Ne var ki bu 'seçme' meselesi, olgunlaşmamış toplumlarda sorun yaratır. Sonuçta o kültürü tanımlayacak ve temsil edecek sabit bir kalıbın kalmaması ihtimali korkutucu bulunur. Bu tür toplumlarda kimliğin yıpranması büyük bir tehlike olarak görülür, çünkü 'olgunlaşmama' aynı zamanda bir tür kişiliksizliktir ve bu zaafın üstü kimlikle kapatılmak istenmektedir. Toplumların olgunlaşamama nedeni ise hemen her zaman kendisi hakkında gerçeklikle karşılaşmamış, yüzleşmemiş olmasıdır. Gerçekliğin muhtemel olumsuz nitelikleri böyle bir yüzleşmeyi engeller, çünkü insanlar o olumsuzlukların bilinir hale gelmesiyle kendi kimliklerinin aşağılandığını düşünürler. Böylece kültürü oluşturan öğeler dokunulmazlık zırhı altına alınır, çoğu zaman da devlet eliyle korunur.

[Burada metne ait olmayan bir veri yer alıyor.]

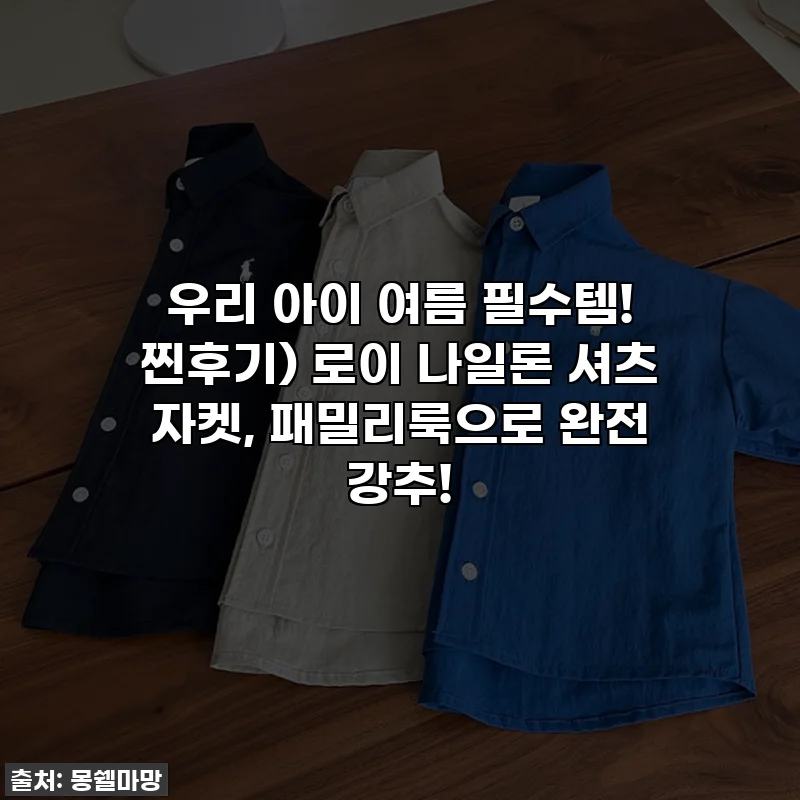 우리 아이 여름 필수템! 찐후기) 로이 나일론 셔츠 자켓, 패밀리룩으로 완전 강추!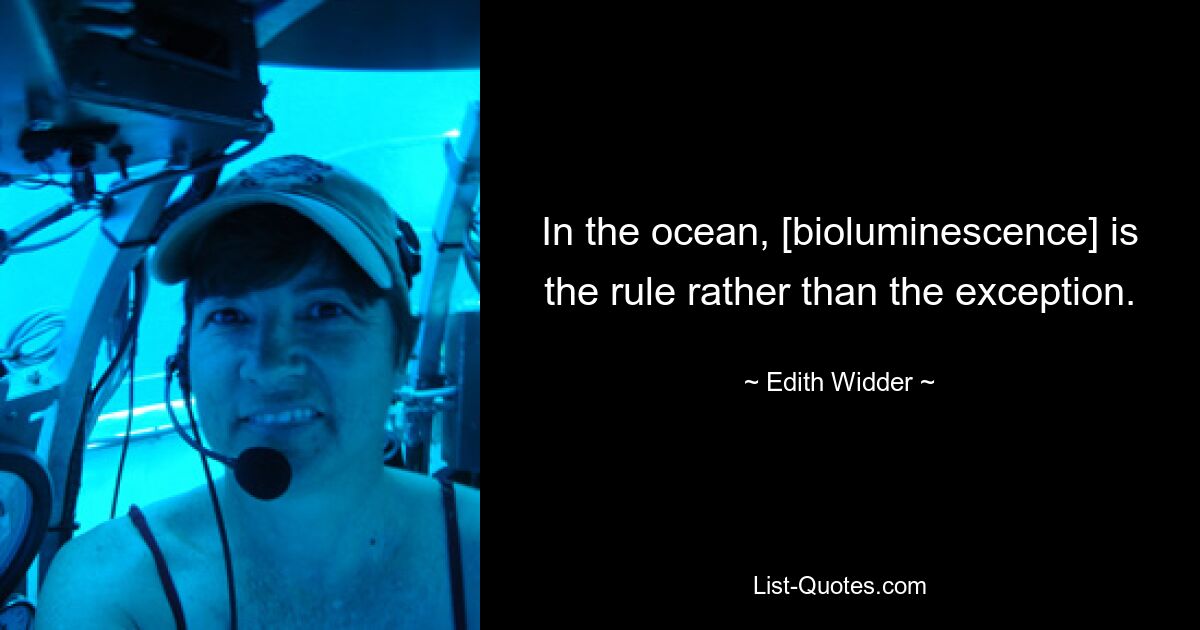 In the ocean, [bioluminescence] is the rule rather than the exception. — © Edith Widder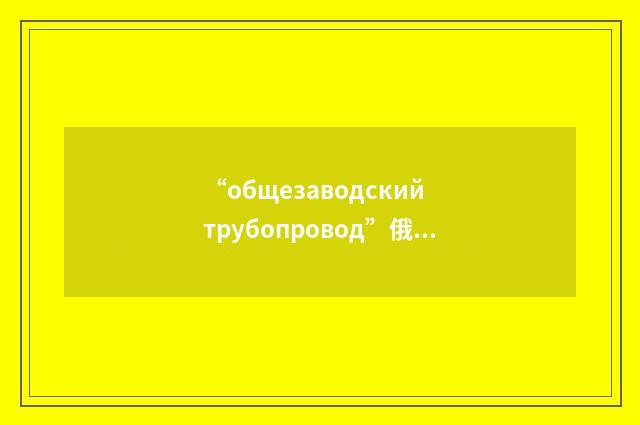 “общезаводский трубопровод”俄汉翻译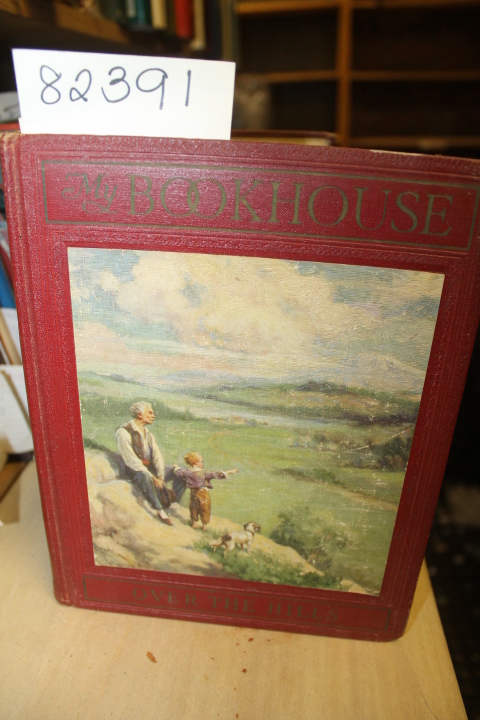 Miller, Olive Beaupre: My Bookhouse Over the Hills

Olgunlaşmamış toplumlar en büyük titizliği ise tarih konusunda gösterirler. Çünkü kültürü oluşturan tüm öğeler tarihseldir ve varsayılan olumlu nitelikleri ancak bu şekilde ortaya koyabilirsiniz. Böylece kimlikle kültür arasındaki doğal ilişki tersine döner ve yozlaşır... Artık hayali bir 'temiz' kimlik uğruna, doğrudan kültürü belirleme gayreti içerisine girer ve olgunlaşmama halini sürekli kılarsınız.

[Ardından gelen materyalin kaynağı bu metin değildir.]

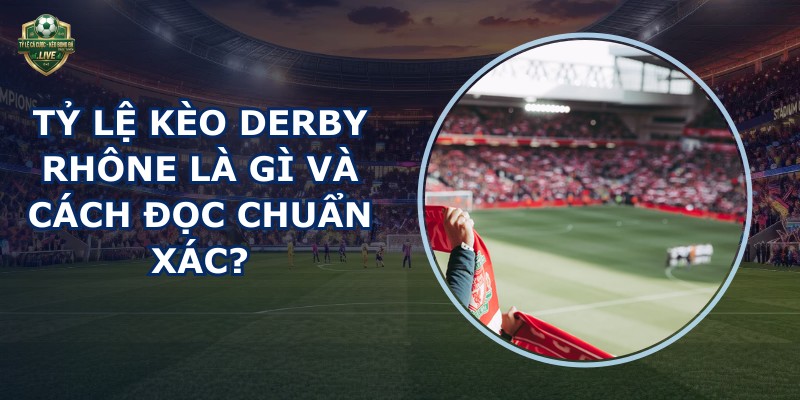 tỷ lệ kèo derby Rhône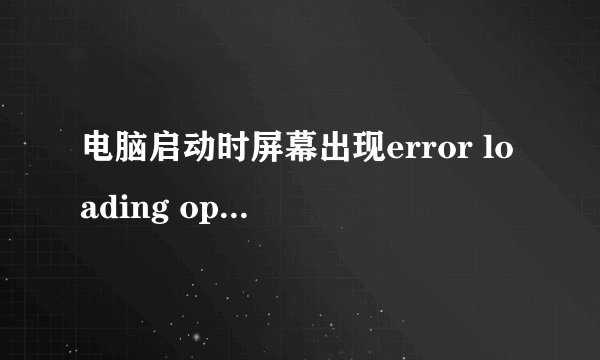 电脑启动时屏幕出现error loading operating system 就进入不了系统。怎么处理?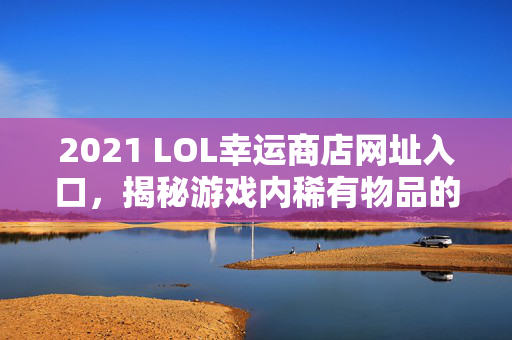 2021 LOL幸运商店网址入口,揭秘游戏内稀有物品的获取途径 2021 LOL幸运商店网址入口,揭秘游戏内稀有物品的获取途径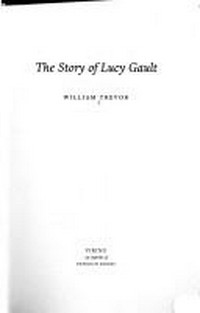 The story of Lucy Gault / William Trevor.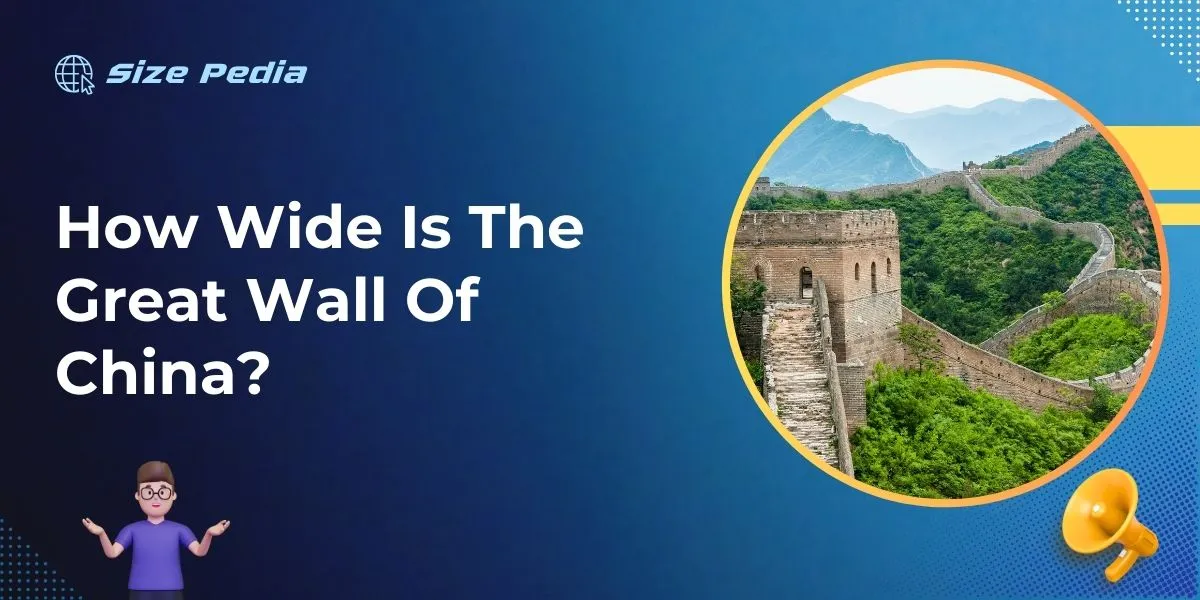 How Wide Is The Great Wall Of China?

Türkiye toplumu laikleri ve Müslümanlarıyla, Türkleri ve Kürtleriyle, bir bütün olarak olgunlaşmamış, kişilik zaafını hayalî bir kimlikle kapatmaya çalışan bir toplum... Olması gereken tarihsel olaylar ve tarihî şahsiyetlerden hareketle gerçek yaşanmışlığa bakan, dolayısıyla gerçekliği ayıklayarak, 'düzelterek' ve olumlu yönde çarpıtarak yine kendisine sunan, kendisini aldatıyor olmaktan rahatsızlık duymayan bir toplum... Türkiye cumhuriyet rejimine geçişten doksan yıl sonra bile, bu sürecin en önemli siması olan Mustafa Kemal'i tanımıyor, tanımak istemiyor, çünkü korkuyor... Herkes gerçek Mustafa Kemal'in, kendisine sunulandan farklı olduğunu biliyor ve bilinmeyenlerin olumsuzluk içerdiğinin farkında. Devlet ise onun 'hatırasını' kanunla koruyor. Diğer bir deyişle önemli olanın zihnimize nakşedilen algılar olduğunu, buna uymayan gerçekliğin ise kanunla yasaklanabileceğini söylemiş oluyoruz.

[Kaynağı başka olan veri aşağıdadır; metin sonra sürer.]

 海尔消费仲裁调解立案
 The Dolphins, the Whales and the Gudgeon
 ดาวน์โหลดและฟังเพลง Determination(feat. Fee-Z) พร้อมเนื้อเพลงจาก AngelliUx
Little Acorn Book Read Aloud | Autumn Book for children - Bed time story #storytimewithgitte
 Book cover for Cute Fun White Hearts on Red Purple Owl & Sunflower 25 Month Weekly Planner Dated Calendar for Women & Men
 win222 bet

Derken birileri bir roman yazıyor ve etrafı çevrilen bir evden Mustafa Kemal'in kadın kılığında kaçtığını yazıyor. Başka biri de bir filmde Said Nursi'yi Mustafa Kemal karşısında 'uygunsuz' bir tavırla otururken gösteriyor. Bu, insanları rahatsız ediyor... Gerçeklere aykırı olduğu için değil. Çünkü biz aslında gerçekleri bilmiyor, onları başkalarının ağzından derliyoruz. Rahatsızlığın nedeni söz konusu anlatıların bizi rahatlatan, kimliğimizi destekleyen, bize yapay kişilik kazandıran 'temiz' görüntüye uymaması.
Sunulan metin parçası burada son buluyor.